Kate MacKenzie Comes Out of Retirement to Join Hopeful Gospel Quartet Again!

The Hopeful Gospel Quartet which began one day in 1987 in a chance meeting between Garrison Keillor, Robin and Linda Williams and Kate MacKenzie has been a long time favorite with A Prairie Home Companion Radio Show Fans. 

Left to Right: Garrison Keillor, Linda
Williams, Kate MacKenzie, Robin Williams
After MacKenzie’s retirement in 1999, her position was filled first by Mollie O’Brien and then Carol Elizabeth Jones.

The A Prairie Home Companion Cruise is the catalyst for the reunion of the four original members of the group.  On July 9, the 2011 Prairie Home Cruise sets sail from Boston, heading up the coast to Maine and Nova Scotia, through the Gulf of Saint Lawrence, and on to Montreal, Quebec.

According to Robin Williams, “It'll be a little more
special this year because Kate MacKenzie, our original partner in the Hopeful Gospel Quartet is coming out of retirement and we'll be singing with her for the the first time since 1999.”
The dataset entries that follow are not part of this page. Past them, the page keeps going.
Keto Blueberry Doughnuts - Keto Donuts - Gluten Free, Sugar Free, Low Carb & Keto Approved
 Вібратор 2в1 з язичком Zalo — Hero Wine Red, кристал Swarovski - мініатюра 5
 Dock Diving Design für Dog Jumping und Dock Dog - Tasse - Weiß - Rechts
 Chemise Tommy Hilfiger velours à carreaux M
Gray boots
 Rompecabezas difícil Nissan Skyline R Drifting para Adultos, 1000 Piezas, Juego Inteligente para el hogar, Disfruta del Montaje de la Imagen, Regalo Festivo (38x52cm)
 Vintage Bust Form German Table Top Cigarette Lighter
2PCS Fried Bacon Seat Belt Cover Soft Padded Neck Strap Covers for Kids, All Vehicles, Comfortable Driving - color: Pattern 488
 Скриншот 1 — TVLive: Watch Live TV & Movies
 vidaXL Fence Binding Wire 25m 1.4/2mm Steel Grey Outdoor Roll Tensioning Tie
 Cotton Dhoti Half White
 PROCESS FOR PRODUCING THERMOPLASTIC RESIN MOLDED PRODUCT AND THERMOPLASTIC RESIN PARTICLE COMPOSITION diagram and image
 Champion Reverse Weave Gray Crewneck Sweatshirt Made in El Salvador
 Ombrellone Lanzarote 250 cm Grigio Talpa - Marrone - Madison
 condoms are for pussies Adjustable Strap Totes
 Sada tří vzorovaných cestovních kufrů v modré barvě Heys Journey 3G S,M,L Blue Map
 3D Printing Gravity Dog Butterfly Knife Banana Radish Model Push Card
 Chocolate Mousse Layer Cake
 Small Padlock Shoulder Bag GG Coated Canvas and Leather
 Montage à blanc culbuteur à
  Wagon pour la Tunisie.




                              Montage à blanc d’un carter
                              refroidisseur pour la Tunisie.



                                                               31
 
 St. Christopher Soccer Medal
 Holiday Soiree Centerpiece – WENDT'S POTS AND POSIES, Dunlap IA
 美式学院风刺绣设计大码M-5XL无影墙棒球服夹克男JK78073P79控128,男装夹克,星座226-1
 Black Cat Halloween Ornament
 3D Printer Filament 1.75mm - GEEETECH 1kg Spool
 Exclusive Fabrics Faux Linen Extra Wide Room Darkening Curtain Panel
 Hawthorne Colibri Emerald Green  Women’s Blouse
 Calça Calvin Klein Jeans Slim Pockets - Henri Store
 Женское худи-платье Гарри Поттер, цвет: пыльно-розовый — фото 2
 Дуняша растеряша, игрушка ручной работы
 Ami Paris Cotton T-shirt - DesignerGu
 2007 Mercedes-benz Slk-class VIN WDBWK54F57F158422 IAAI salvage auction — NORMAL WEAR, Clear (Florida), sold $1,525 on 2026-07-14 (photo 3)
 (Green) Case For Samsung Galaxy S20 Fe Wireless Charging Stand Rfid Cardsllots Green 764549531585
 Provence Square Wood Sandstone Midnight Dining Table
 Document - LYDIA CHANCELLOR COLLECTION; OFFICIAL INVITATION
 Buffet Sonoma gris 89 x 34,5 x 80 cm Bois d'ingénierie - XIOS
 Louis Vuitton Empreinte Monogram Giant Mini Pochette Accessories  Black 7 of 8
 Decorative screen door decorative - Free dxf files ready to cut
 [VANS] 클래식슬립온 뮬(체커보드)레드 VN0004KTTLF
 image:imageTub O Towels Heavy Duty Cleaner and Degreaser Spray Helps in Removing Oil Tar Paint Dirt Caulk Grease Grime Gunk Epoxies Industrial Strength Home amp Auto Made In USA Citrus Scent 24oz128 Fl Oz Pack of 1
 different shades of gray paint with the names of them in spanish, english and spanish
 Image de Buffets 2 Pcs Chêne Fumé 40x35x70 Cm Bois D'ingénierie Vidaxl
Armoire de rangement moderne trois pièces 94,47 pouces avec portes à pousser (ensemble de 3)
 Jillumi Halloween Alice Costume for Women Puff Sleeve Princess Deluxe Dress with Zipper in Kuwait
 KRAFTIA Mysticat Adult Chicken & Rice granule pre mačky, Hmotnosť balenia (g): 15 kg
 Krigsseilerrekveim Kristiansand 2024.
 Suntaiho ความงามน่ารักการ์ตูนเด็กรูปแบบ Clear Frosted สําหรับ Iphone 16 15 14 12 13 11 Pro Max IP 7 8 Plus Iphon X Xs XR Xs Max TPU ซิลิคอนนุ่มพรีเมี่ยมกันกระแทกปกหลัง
MacKenzie has been a favorite guest of A Prairie Home Companion since 1981. For many years, she was lead singer of Stoney Lonesome, with whom she recorded six bluegrass albums, toured Europe, Japan and North America, and was featured in the public television series Showcase and the Nashville Network's Fire on the Mountain. With the Hopeful Gospel Quartet, MacKenzie has recorded a live album from Carnegie Hall, performed at folk festivals in Scotland and Denmark, and was featured on PBS' Austin City Limits. The Hopeful Gospel Quartet's newest recording is Climbing Up on the Rough Side, on the HighBridge label. MacKenzie's work with A Prairie Home Companion has included co-host roles in several Prairie Home broadcasts, coast-to-coast tours, farewell and reunion shows, 20 Disney Channel television broadcasts, the 1993 Book of Guys tour, and a recurring dramatic role as Sheila, the Christian Jungle girl (wild, yet pure). MacKenzie's first solo album, Let Them Talk (Red House Records), received enthusiastic reviews and was on the National Bluegrass Charts for 10 months. A second solo album, Age of Innocence (Red House), was released last fall and earned MacKenzie a Grammy nomination for Best Bluegrass Album. MacKenzie's success was noted in The New York Times, which grouped her in "the new wave of strong female voices."